The complaint, filed by Tony Dane of Front Royal, Virginia, was shot down in a unanimous vote of 6-0. Multiple news organizations and journalists – including The New York Times’ Maggie Haberman, CNN’s John Harwood (who worked for CNBC in 2016), Politico, The Hill and NBC Universal – were mentioned in Dane’s complaint.

As “evidence of coordination” between Hillary for America and journalists of different news organizations, Dane cited news reports and emails, many of which were obtained in October 2016 when Wikileaks shared a trove of emails from members of Clinton’s campaign.

Of the newspaper reports mentioned, Dane’s specifically highlighted a piece titled, “EXCLUSIVE: New Email Leak Reveals Clinton Campaign’s Cozy Press Relationship” from Intercept reporter Glenn Greenwald. In the complaint, Dane notes that Greenwald’s story is “about the relationship with friendly reporters who the Hillary for America campaign can plant a story with,” adding that Haberman “published two stories on behalf of the Hillary for America campaign.”

According to Dane, Haberman’s stories are “clear coordination with the Hillary for America campaign and it is required to be reported on the Hillary for America campaign’s FEC report.”

Dane also included a piece from The Observer, which, according to Dane, “states how campaign staffers were trained on a legal way to coordinate with super PACs.” Dane also insisted that if Clinton’s campaign was able to find “a loophole, the coordination still needs to be reported on FEC filings.”

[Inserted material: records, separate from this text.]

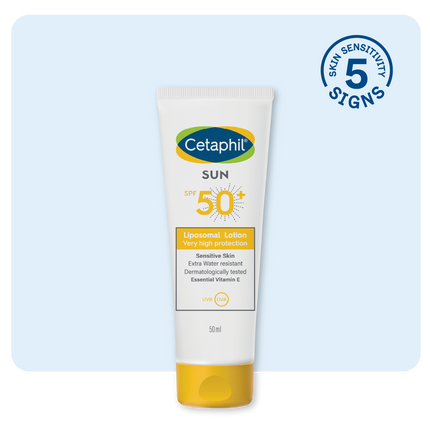Cetaphil Sun Liposomal Lotion SPF 50+  (50ml)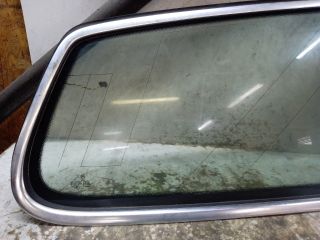 bontott VW PASSAT B7 Jobb C Oszlop Oldalablak Üveg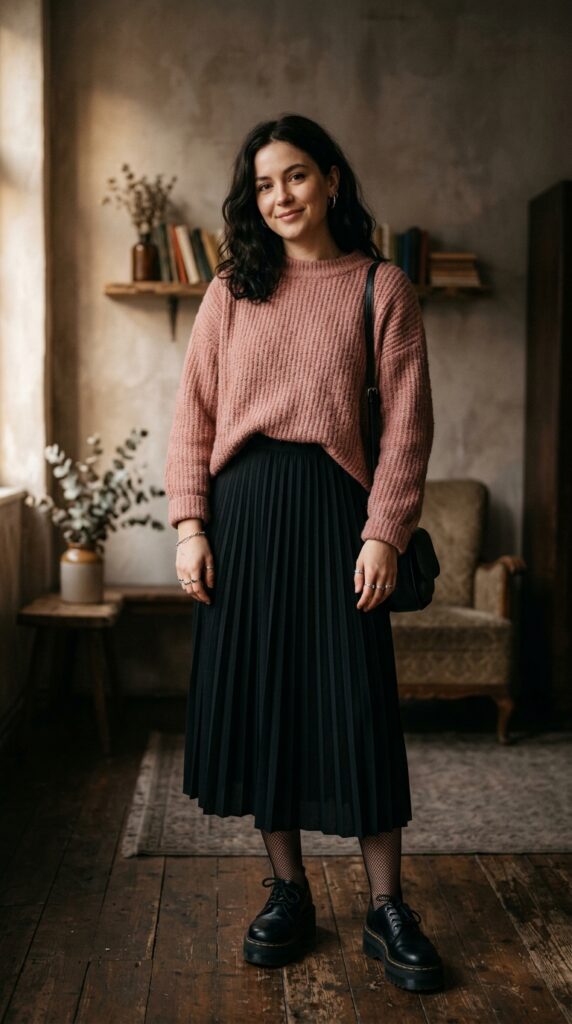 Stunning Casual Goth Outfits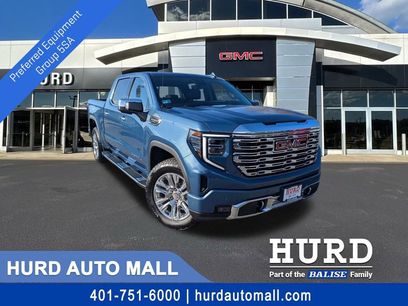 Certified 2024 GMC Sierra 1500 Denali w/ Technology Package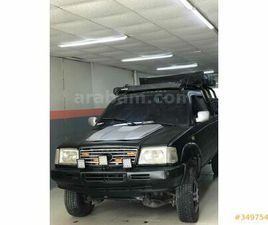 TATA TL SAHIBINDEN TATA TELCOLINE 4X2 ÇIFT KABIN 2007 MODEL TEKIRDAĞ 118.000 KM SIYAH - 34975467 | ARABAM.COM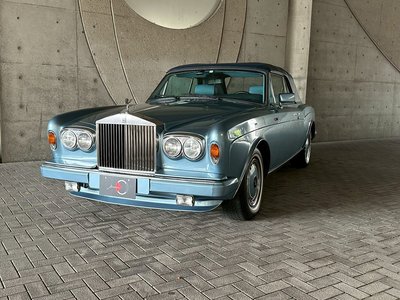 صورة 42 لـ 1990 ROLLS-ROYCE CORNICHE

Dane also accused The New York Times of allowing “individuals from the Hillary for America campaign to edit quotes, possibly unprecedented for the newspaper,” referring to the Times as a “surrogate for the Hillary for America campaign.”

In concluding his complaint, Dane pleaded with the FEC to “stop these efforts and to demand full disclosure” from Clinton’s campaign ahead of the 2016 election.

Regarding the complaint, Dana Green, a Times legal consultant, wrote to the FEC in 2018 and said, “We believe it is apparent on the face of the Complaint that it is without merit.”

“The exhibits attached to the Complaint do not support Mr. Dane’s assertions and the two articles Ms. Haberman identified in Mr. Dane’s complaint plainly are not coordinated communications or contributions to the Clinton campaign subject to the Federal Election Campaign Act of 1971, as amended,” Green added in her letter sent to Claudio Pavia of the FEC.